2. Be aware of the strangers you allow into your house because they can be the best and worst things to happen to your circle. You never know where that energy’s been! My previous circles had been crafted from friends, best friends, and friends of friends–often with their own agenda. Circle #2 came to a screeching halt after a married member of the group began inviting her newfound married lover to our meetings so they could meet in a safe place…not to mention sneaking off during my workshops to have loud sex in my bathroom.

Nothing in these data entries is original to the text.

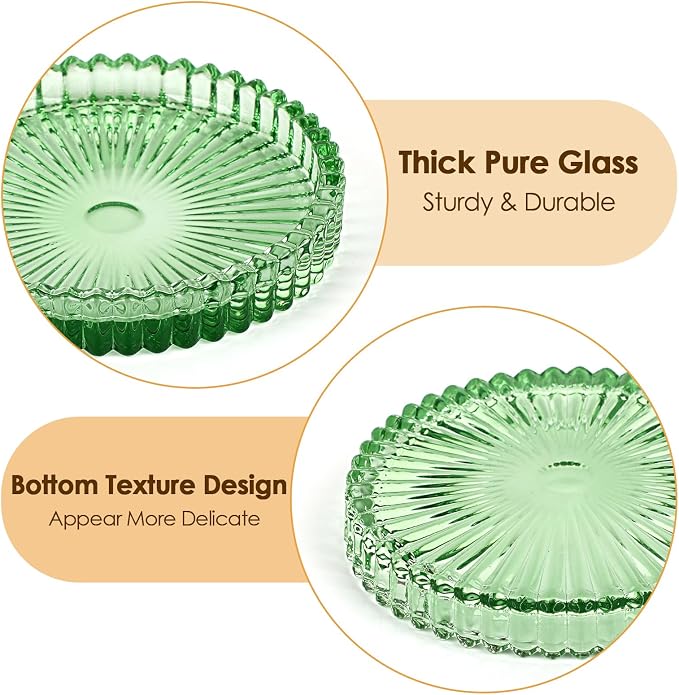 Modern Clear Coaster Set of 5- Glass Coasters for Drinks, Clear Green | Crystal Coasters Round Cup Mat Coffee Table Decor for Office, Kitchen, Bar, Dining Room, Living Room, Patio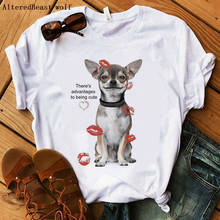 Camiseta con estampado de Chihuahua para mujer, ropa con diseño de chica encantadora, divertida 2024 - compra barato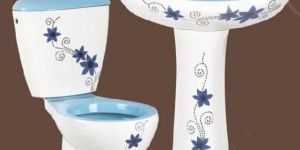 Blue Designer Pedestal Wash Basin
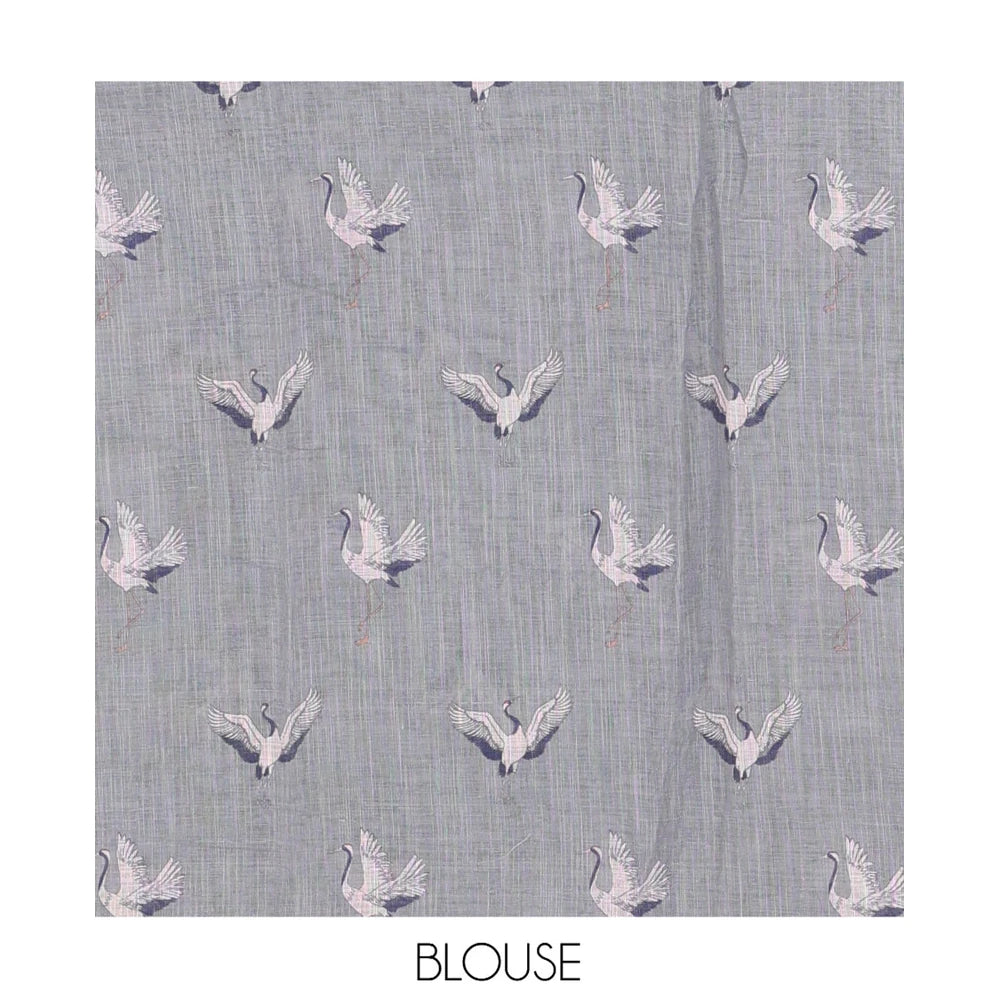 Pothys Borderless Grey Linen Cotton Saree, Adorned with Crane Motifs Print, and a Matching Blouse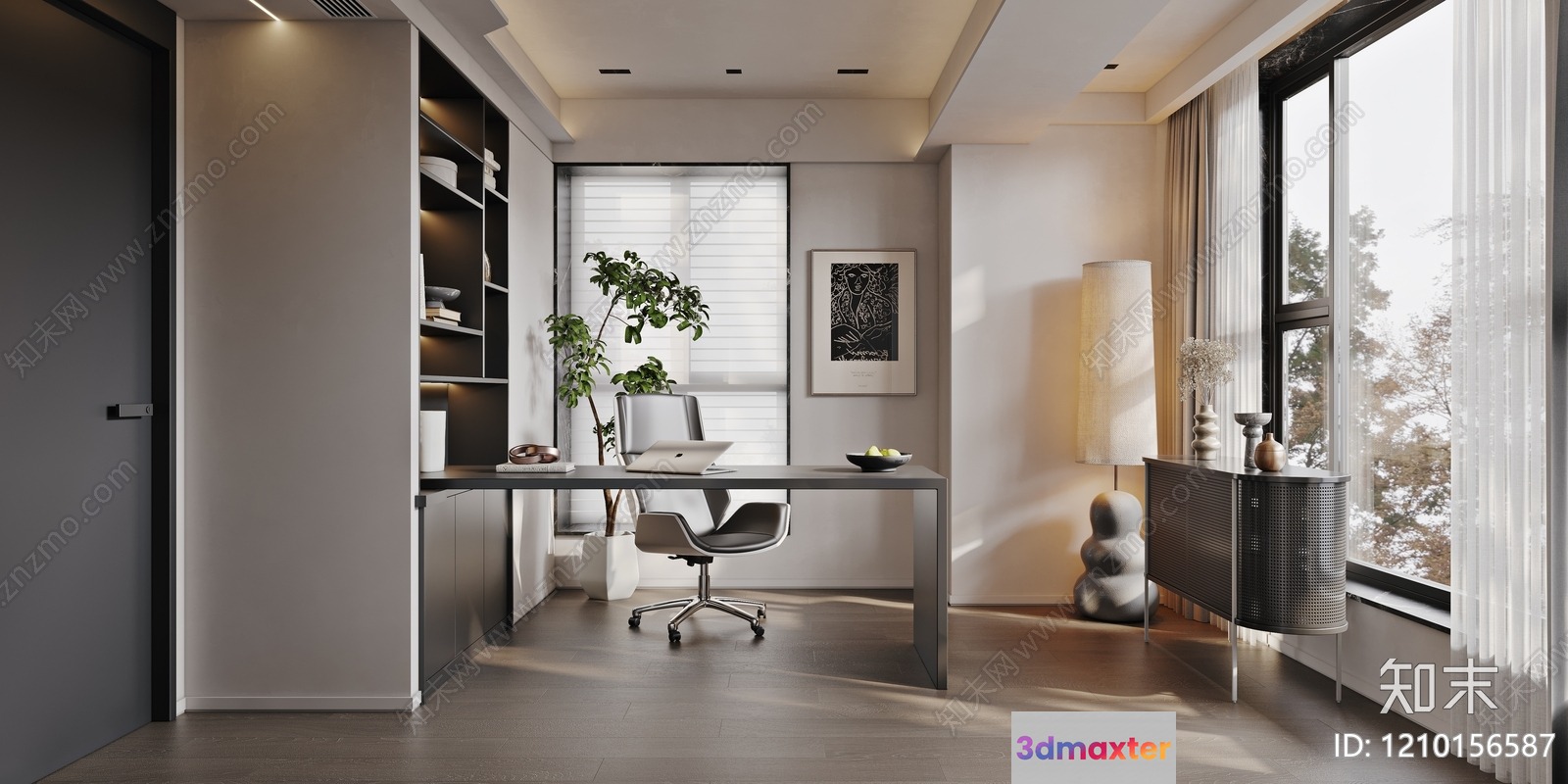 A Modern Home Office 3D Model - 5834 - VRAY Render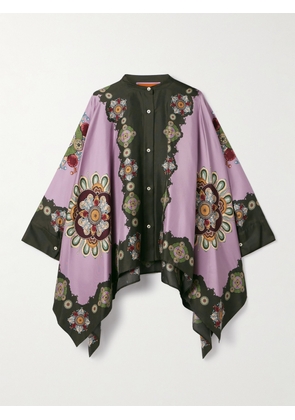 La DoubleJ - Icon Foulard Draped Printed Silk-twill Shirt - Purple - xx small,x small,small,medium,large,x large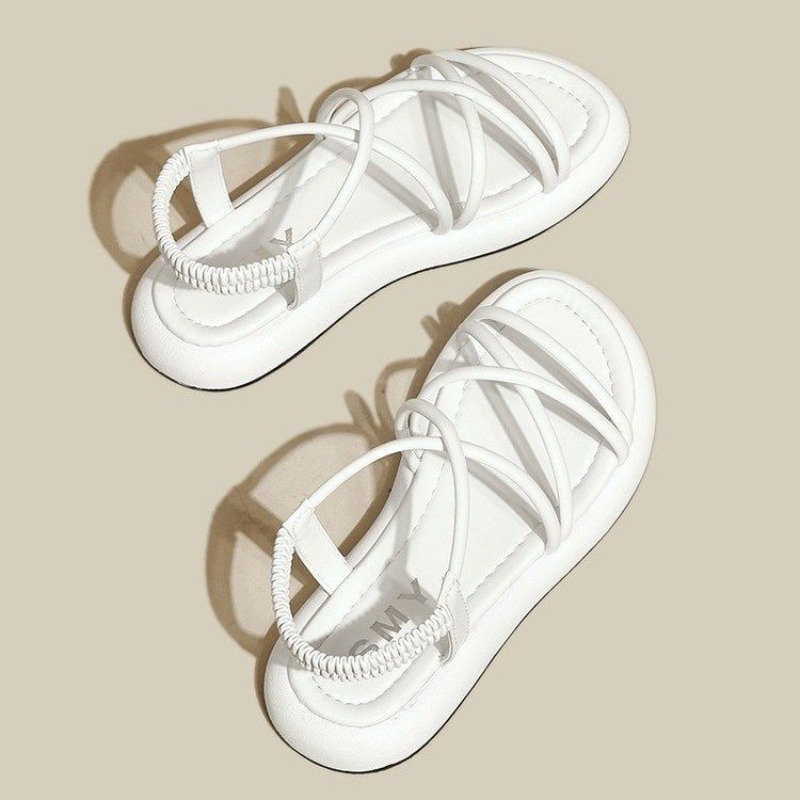 Sandals Women Flat 2024 New New Summer Soft Sole Casual Roman Sandales Femmes Black White Cross Band Women's Shoes Sandalias Mujer 8aa5 's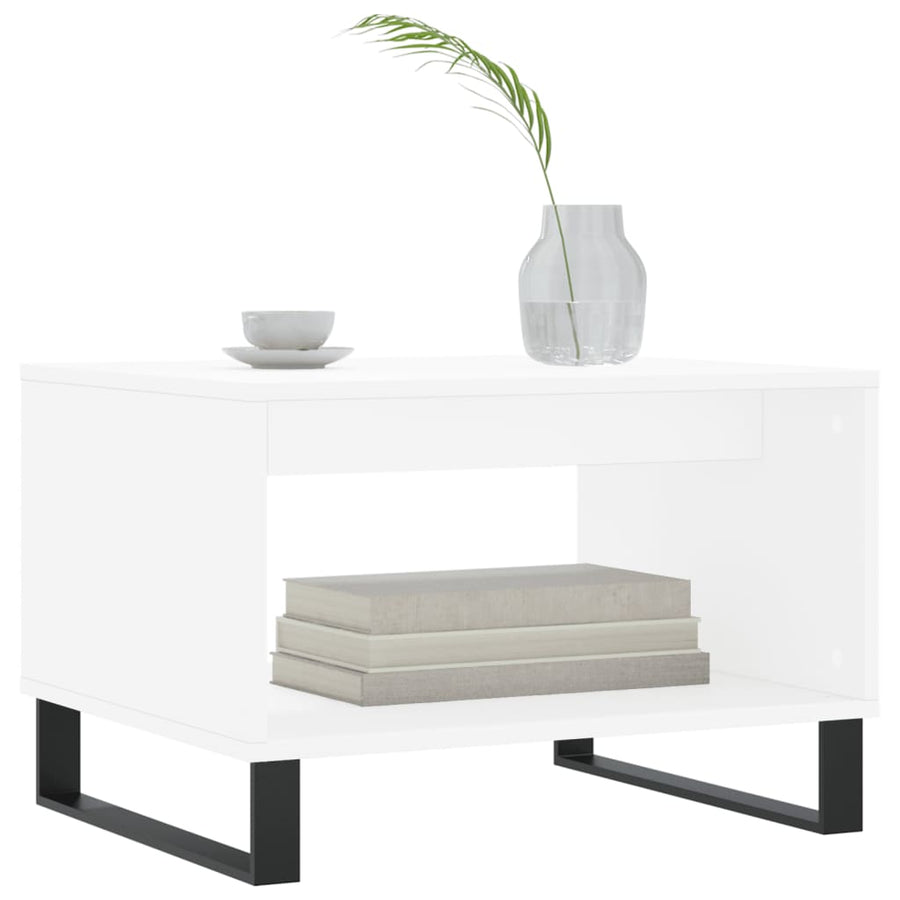 Salontafel 60X50X40 Cm Bewerkt Hout Wit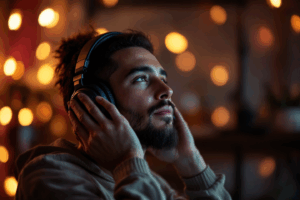 A person listening to a podcast on headphones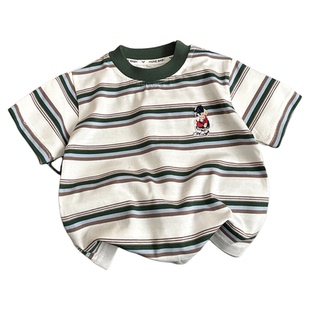 儿童纯棉刺绣短袖T恤夏季潮帅气宽松白色女宝宝男童男孩夏装上衣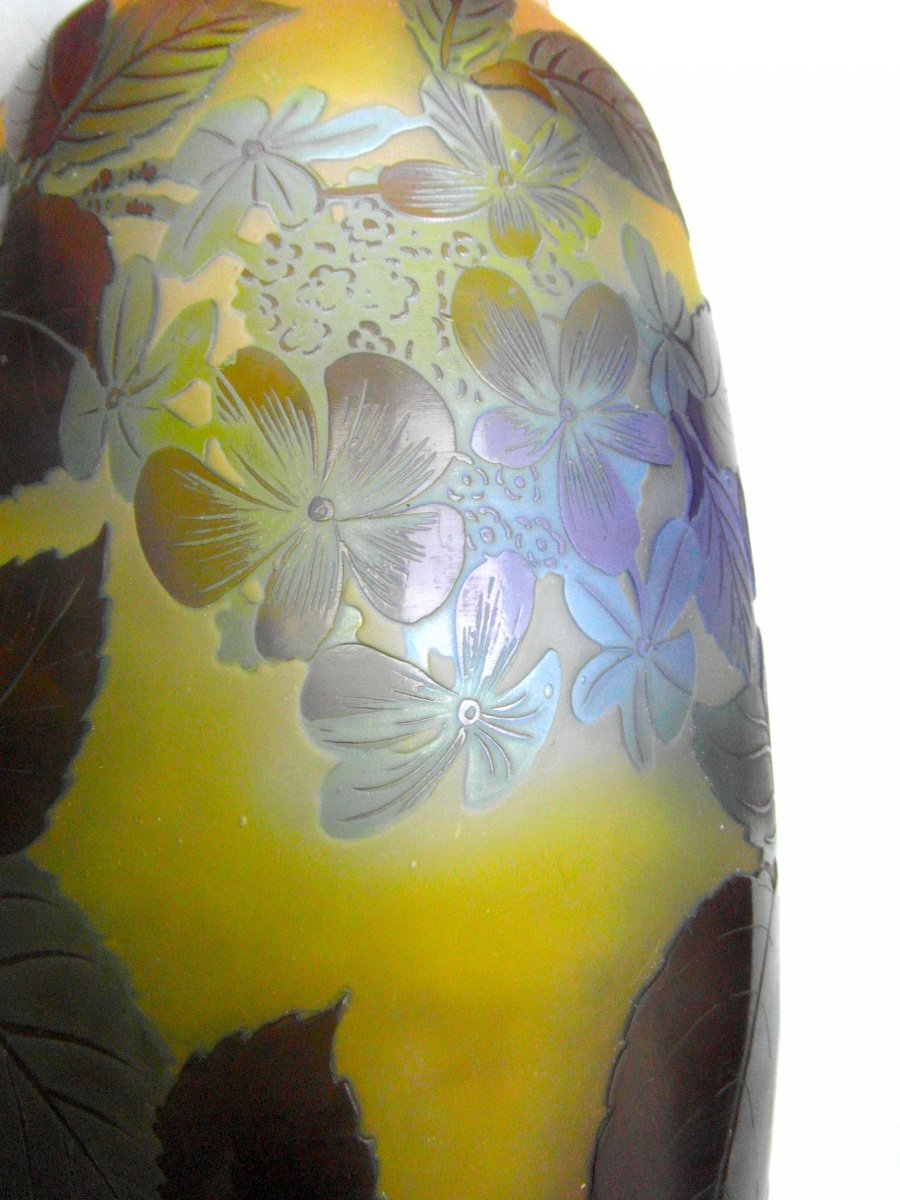 Beau Vase Galle Aux Myosotis Bleus, Parfait, 21 Cm, Era Daum 1900 Art-nouveau-photo-4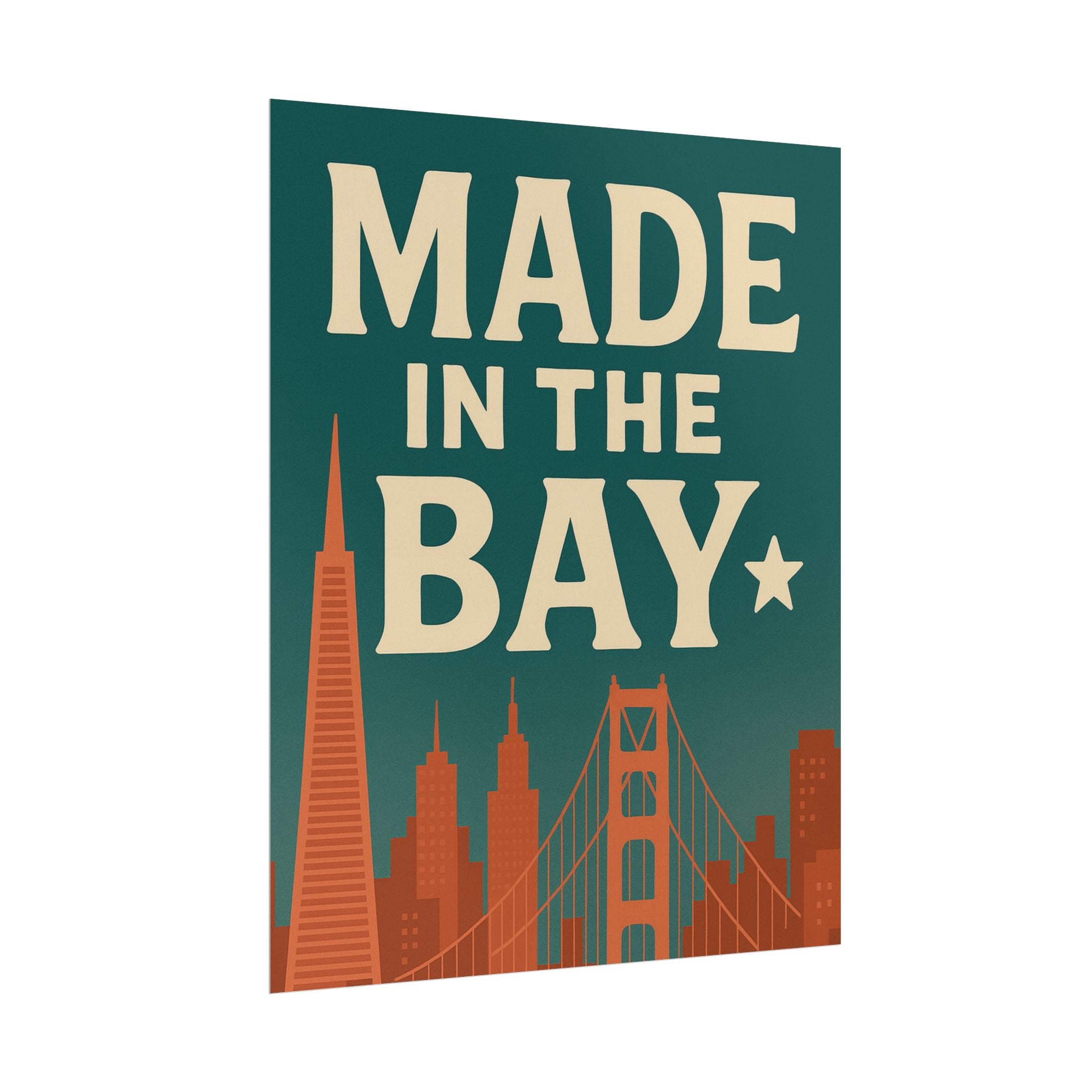 Made In the Bay Area Wall Art Poster | Vintage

When I started my current group, it was after looking around and meeting one-on-one with potential candidates for over a year. I finally decided to just see who was out there and started the original Wiccan Concepts group in Niceville on Meetup. I paid all the fees myself, didn’t charge admission, provided dinner and class, and still had at least 75% of every RSVP list turn into a no-show. That’s a frequent problem on Meetup, yes, but in spite of that, I met my core group through that service. The first three people to show up on the first night are still tried and true members after two years, and one of the three chose to pursue Wicca as an Initiate. Other core members joined within the year, and we had a really nice energy together with true caring among the members. That kind of balance of energy is what you want to aim for because if the participants are in harmony, then you’re working together with that energy instead of using it to pull in different directions.
Just a side note here: Though I didn’t originally intend it, my home is a sanctuary for members of my circle. It’s the one place that some feel they can come to get away from stress and drudgery and luxuriate in an evening of magic and friendship.
Of course, if you’re inviting the general public into your home, you really don’t know what you’re getting. I got wonderful and I got…problem children. Normally someone whose energy didn’t mesh with the group would show up once, insist everything be his or her way, and then stomp off in a huff. I didn’t cry over it. Occasionally, someone with their own set of problems would show up and spend the evening putting me down or being disrespectful of what I was teaching–I still cannot abide people talking on their cell phones or via sign language while I’m trying to hold a class. Some would show up and really mesh well with the group but had too many issues with parents or family not wanting them to attend and soon they faded away.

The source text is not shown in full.